_GIVEN DATA:_
_____
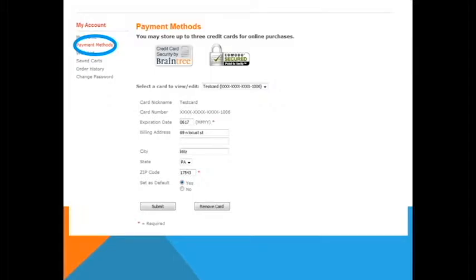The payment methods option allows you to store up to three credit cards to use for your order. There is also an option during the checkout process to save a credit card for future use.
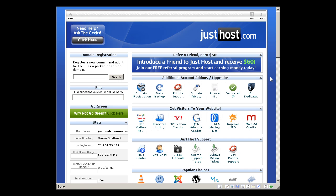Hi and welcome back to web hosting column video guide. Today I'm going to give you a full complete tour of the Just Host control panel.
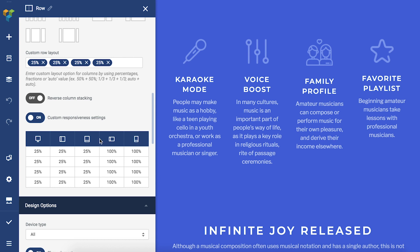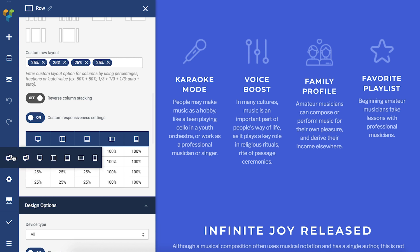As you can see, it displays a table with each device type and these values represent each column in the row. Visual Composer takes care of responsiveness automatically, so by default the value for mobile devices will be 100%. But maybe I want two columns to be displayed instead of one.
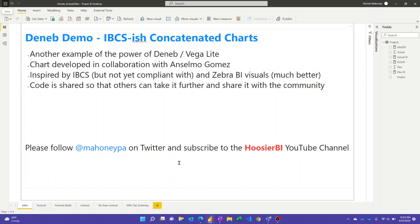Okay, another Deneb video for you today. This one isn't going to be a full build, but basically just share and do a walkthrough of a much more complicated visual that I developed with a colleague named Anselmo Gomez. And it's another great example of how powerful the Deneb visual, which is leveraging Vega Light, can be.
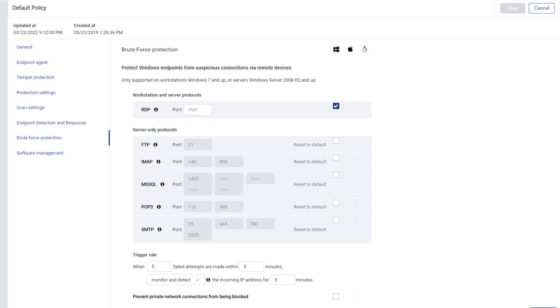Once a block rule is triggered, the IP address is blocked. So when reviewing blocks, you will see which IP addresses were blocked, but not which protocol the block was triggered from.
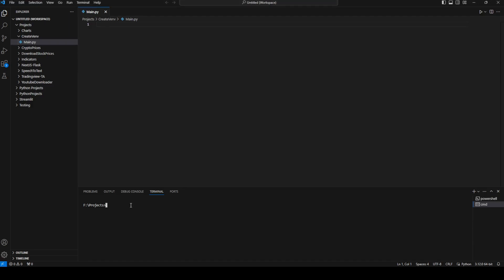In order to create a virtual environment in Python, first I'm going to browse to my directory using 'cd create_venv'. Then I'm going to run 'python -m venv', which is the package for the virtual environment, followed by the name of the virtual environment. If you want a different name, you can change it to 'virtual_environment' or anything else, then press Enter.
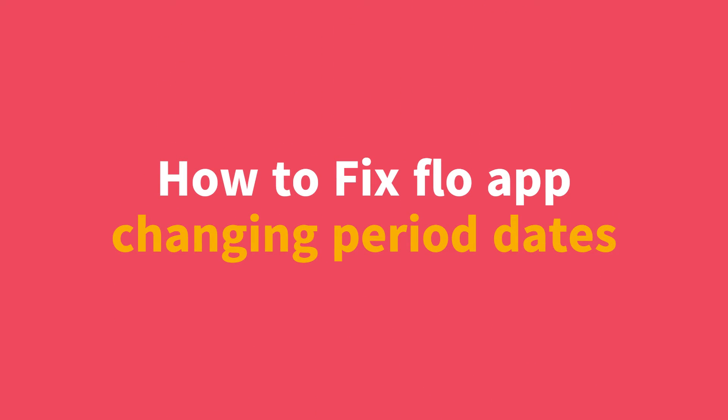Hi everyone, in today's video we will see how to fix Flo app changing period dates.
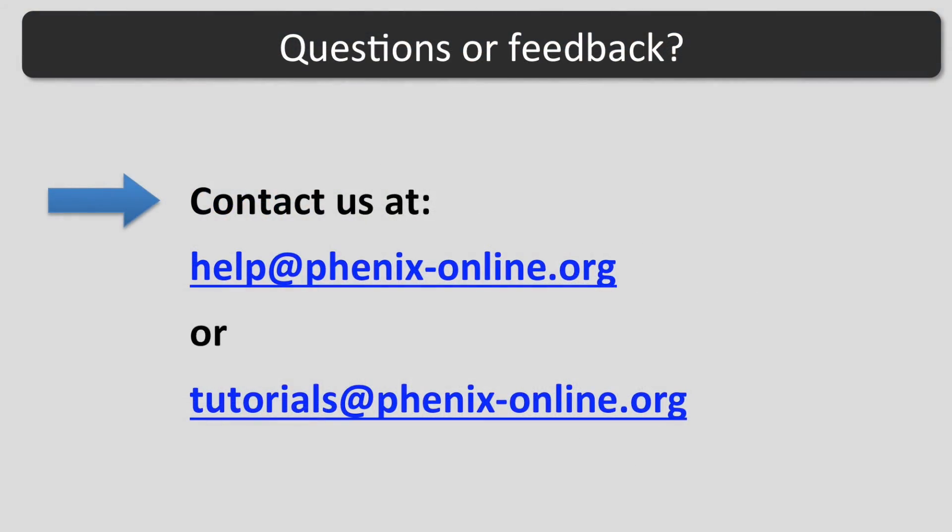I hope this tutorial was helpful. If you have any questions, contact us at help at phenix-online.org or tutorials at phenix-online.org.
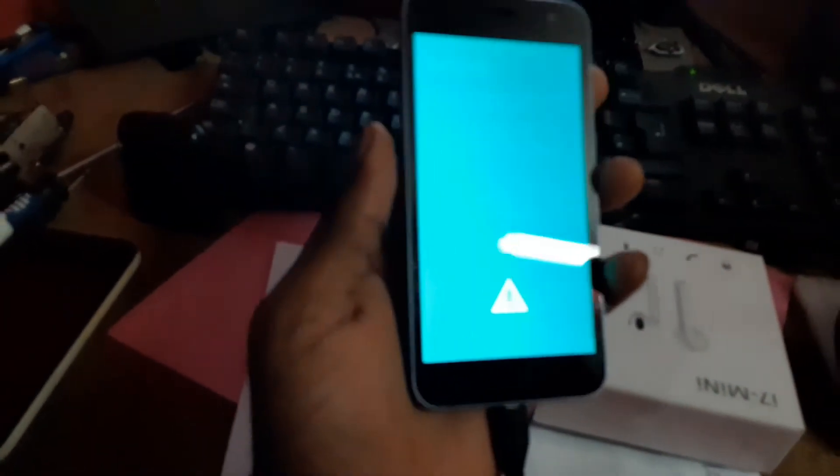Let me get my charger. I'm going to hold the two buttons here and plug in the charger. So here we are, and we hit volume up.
_____
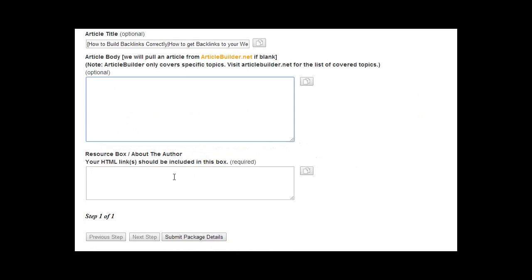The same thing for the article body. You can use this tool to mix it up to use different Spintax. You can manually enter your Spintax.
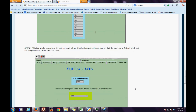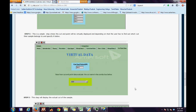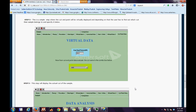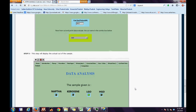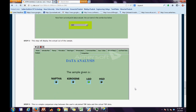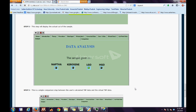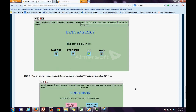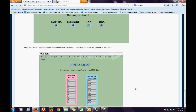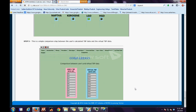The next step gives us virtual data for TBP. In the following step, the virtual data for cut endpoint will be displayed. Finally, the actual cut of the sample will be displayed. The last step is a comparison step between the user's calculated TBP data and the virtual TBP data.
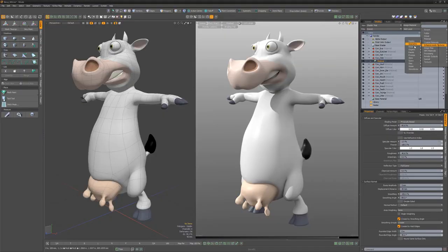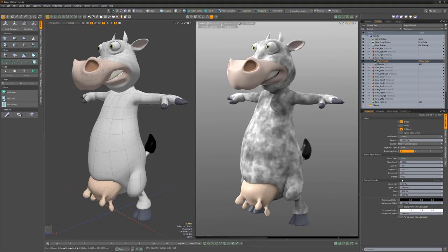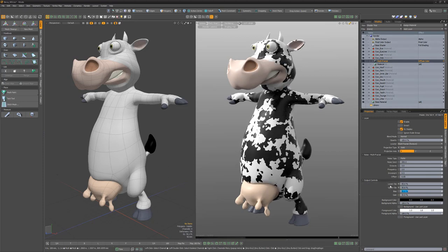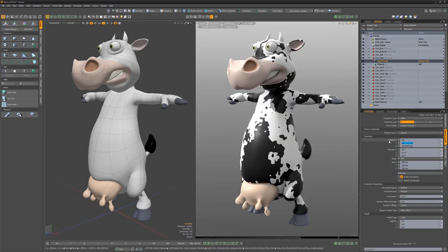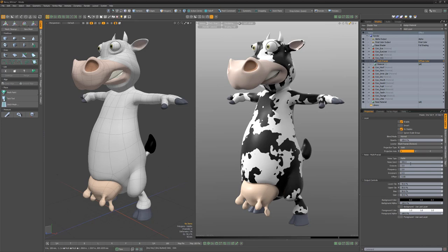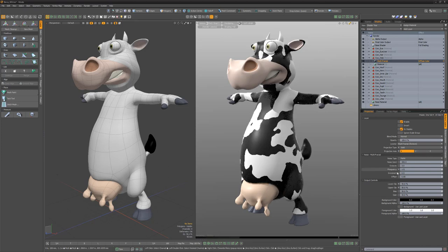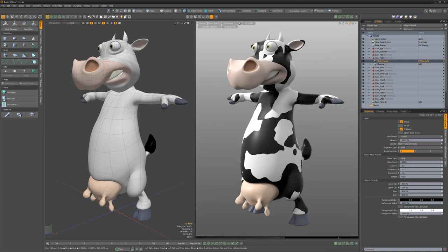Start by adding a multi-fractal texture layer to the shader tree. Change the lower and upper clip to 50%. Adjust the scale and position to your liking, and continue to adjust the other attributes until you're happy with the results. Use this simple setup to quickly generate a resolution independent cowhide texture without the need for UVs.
_____
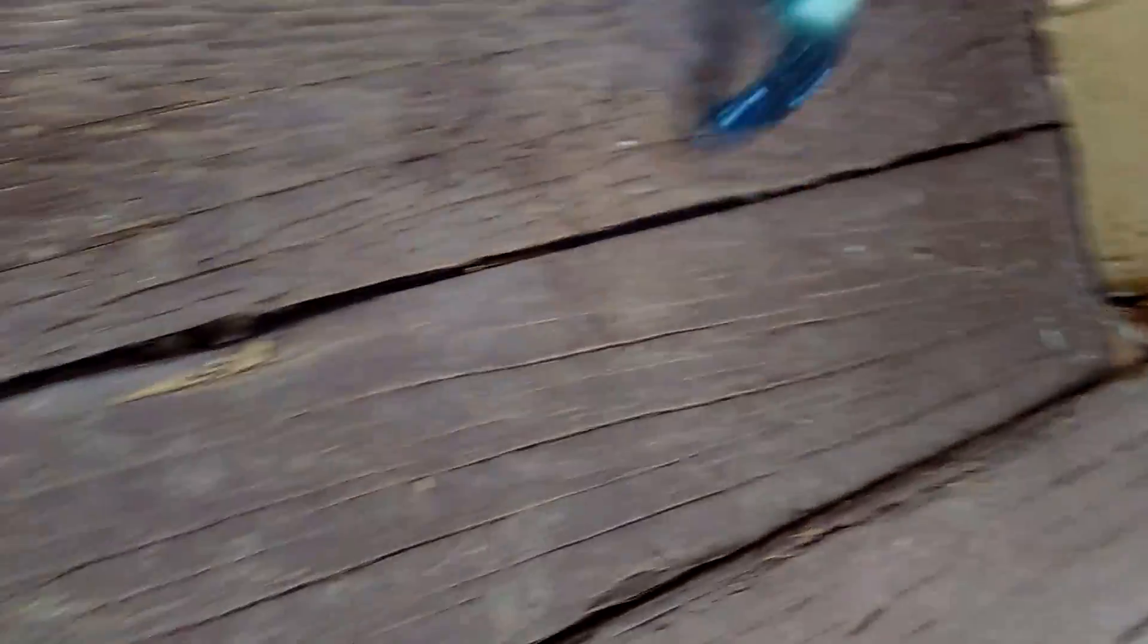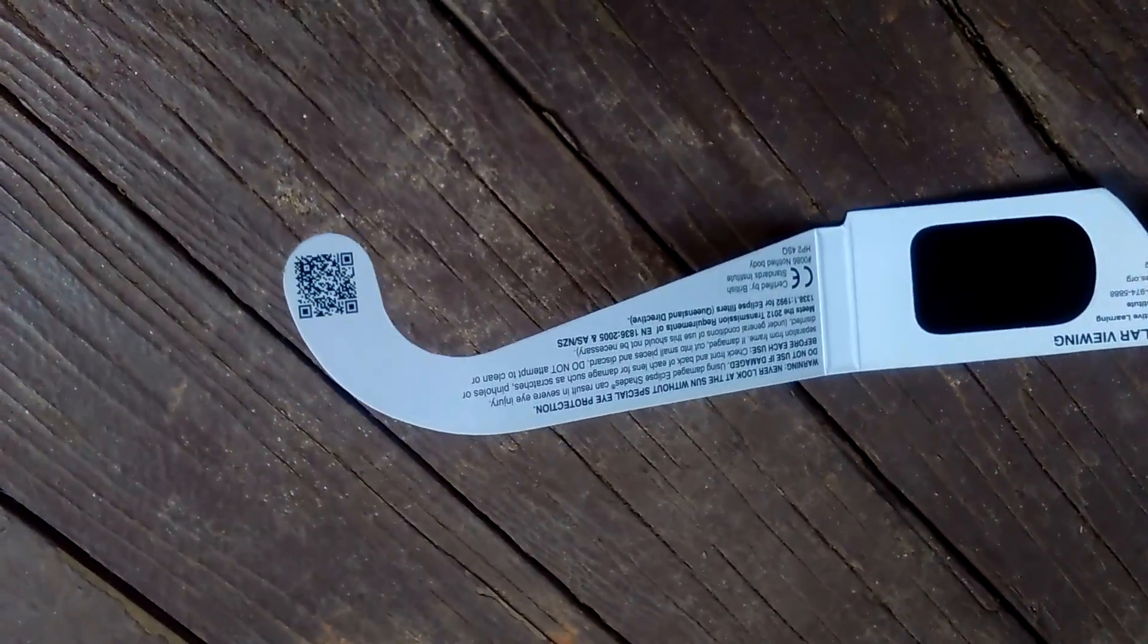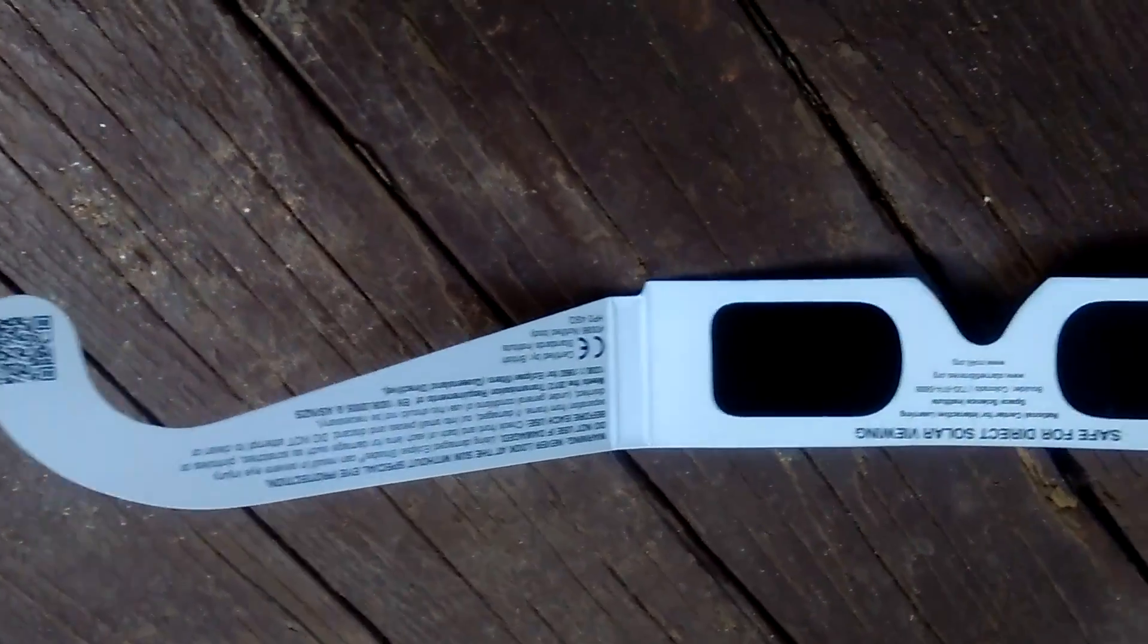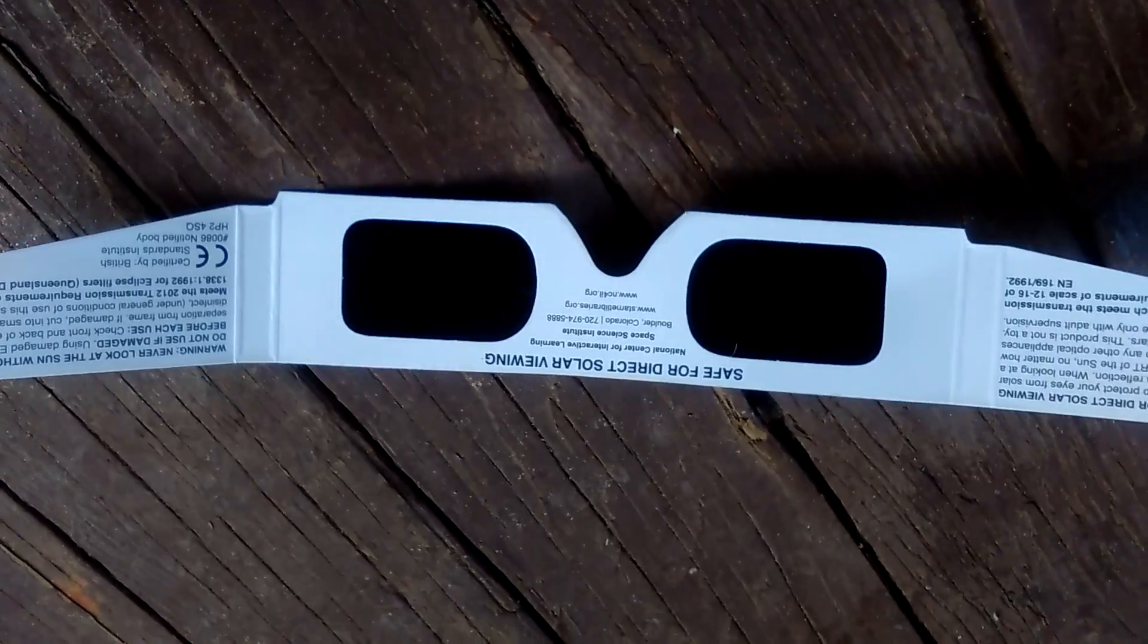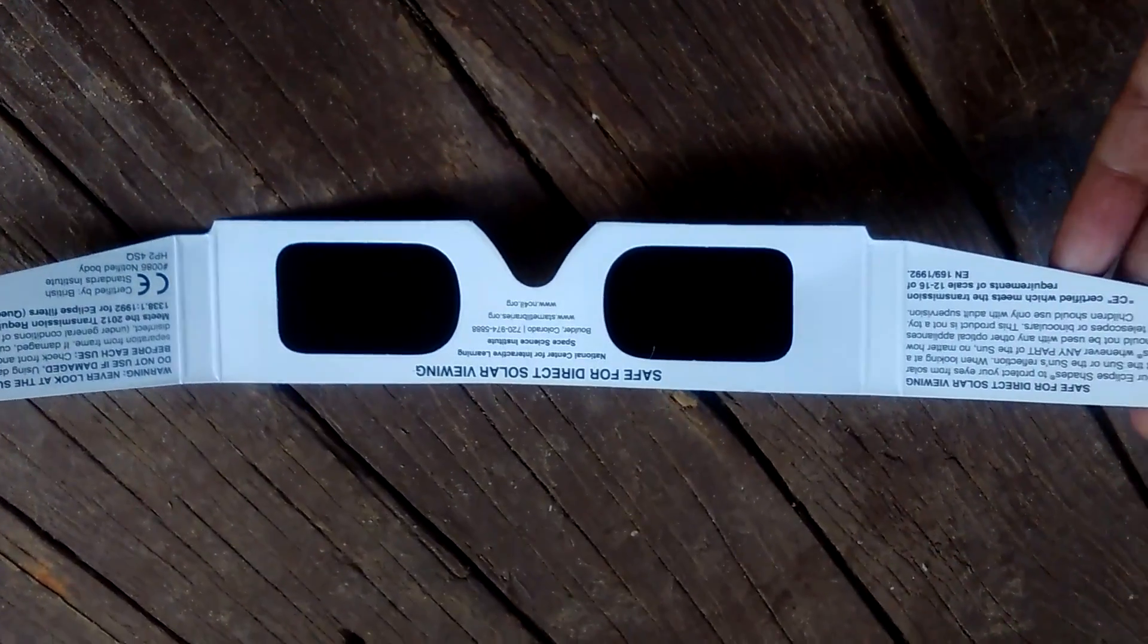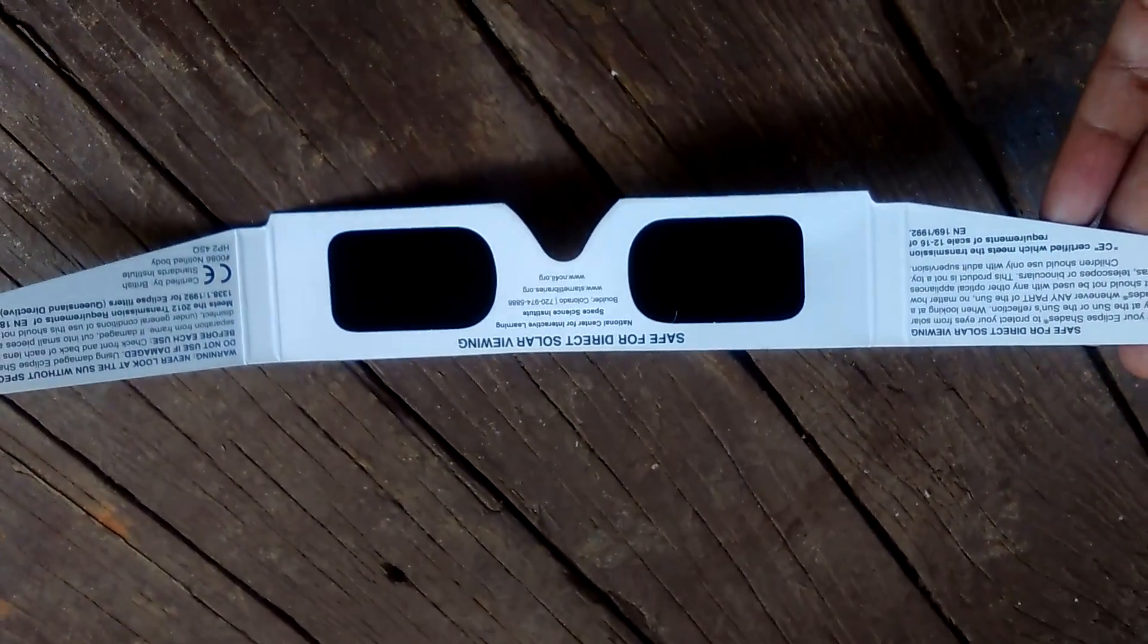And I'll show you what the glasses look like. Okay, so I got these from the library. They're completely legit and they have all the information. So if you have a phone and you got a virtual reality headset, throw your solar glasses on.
_____
_ABOUT THIS TASK:_
Print the part of the listing above that opens with the line containing "Okay, another Deneb" and closes with the line containing "Let me get my". Copy it exactly, both ends included, and omit the pictures.

_SOLUTION FOR THIS PROBLEM:_
Okay, another Deneb video for you today. This one isn't going to be a full build, but basically just share and do a walkthrough of a much more complicated visual that I developed with a colleague named Anselmo Gomez. And it's another great example of how powerful the Deneb visual, which is leveraging Vega Light, can be.
Once a block rule is triggered, the IP address is blocked. So when reviewing blocks, you will see which IP addresses were blocked, but not which protocol the block was triggered from.
In order to create a virtual environment in Python, first I'm going to browse to my directory using 'cd create_venv'. Then I'm going to run 'python -m venv', which is the package for the virtual environment, followed by the name of the virtual environment. If you want a different name, you can change it to 'virtual_environment' or anything else, then press Enter.
Hi everyone, in today's video we will see how to fix Flo app changing period dates.
I hope this tutorial was helpful. If you have any questions, contact us at help at phenix-online.org or tutorials at phenix-online.org.
Let me get my charger. I'm going to hold the two buttons here and plug in the charger. So here we are, and we hit volume up.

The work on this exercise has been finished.